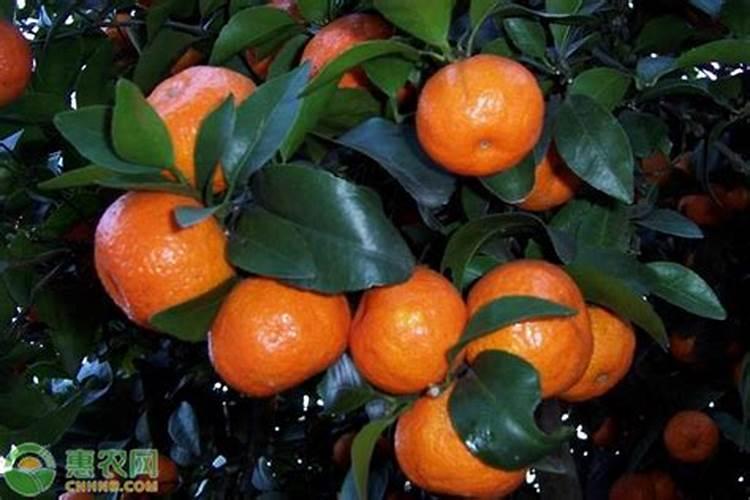种山药要用什么肥料种山药要用什么肥料？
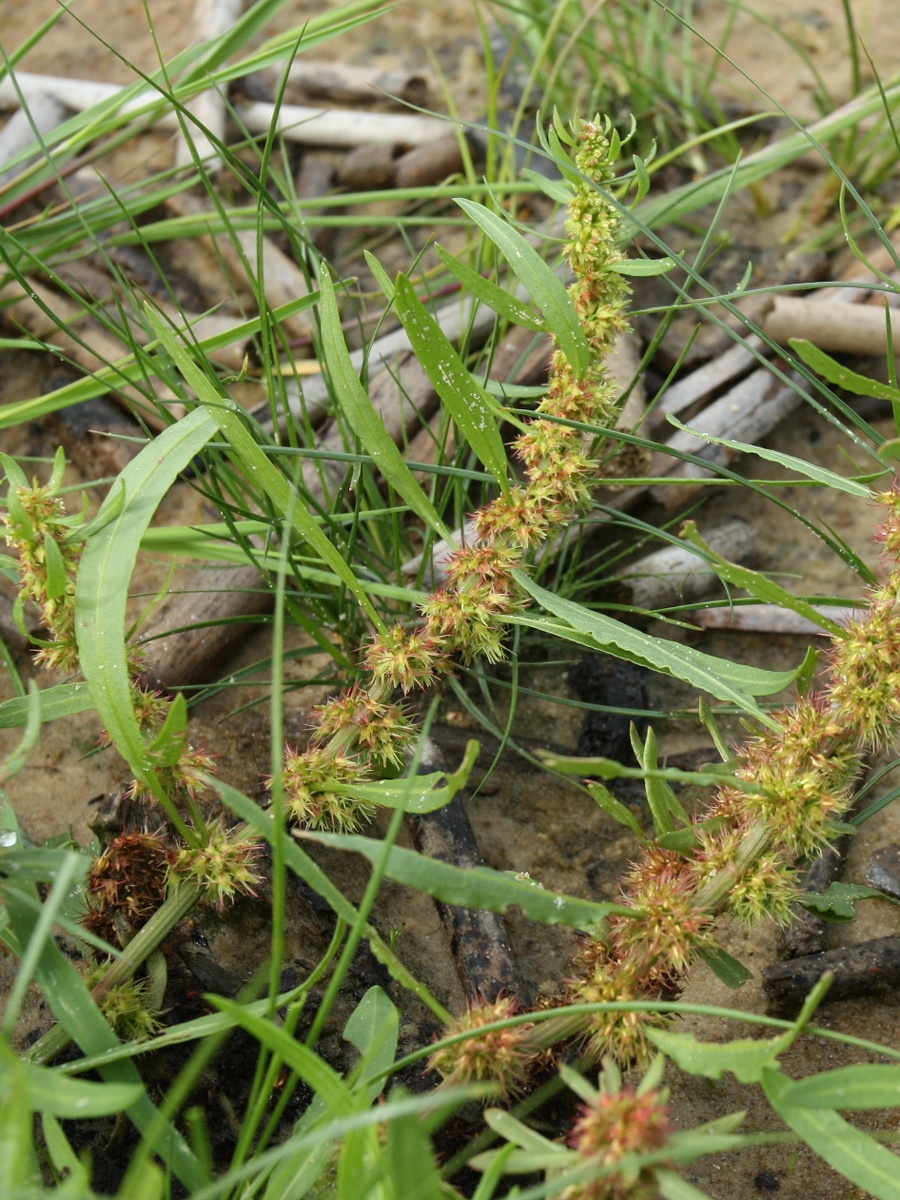 Image of Rumex maritimus specimen.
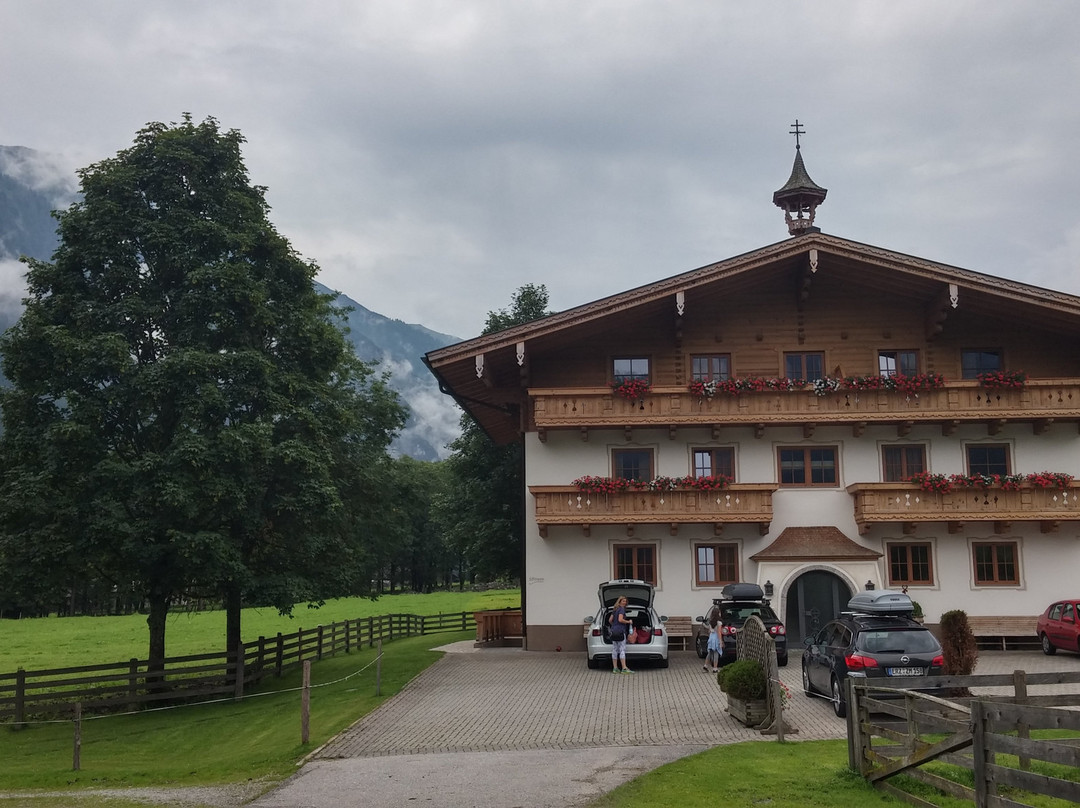 Wiselbauer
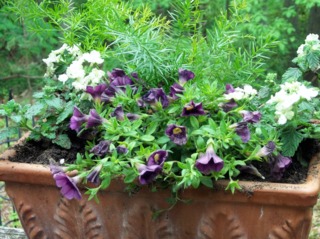 Calibrachoa, Verbena et Asparagus en jardinière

- **EXERCISE REQUIREMENTS**
Print all the lines above again exactly, without any pictures.

- **SOLUTION**
种山药要用什么肥料种山药要用什么肥料？
 Image of Rumex maritimus specimen.
 Wiselbauer
 Calibrachoa, Verbena et Asparagus en jardinière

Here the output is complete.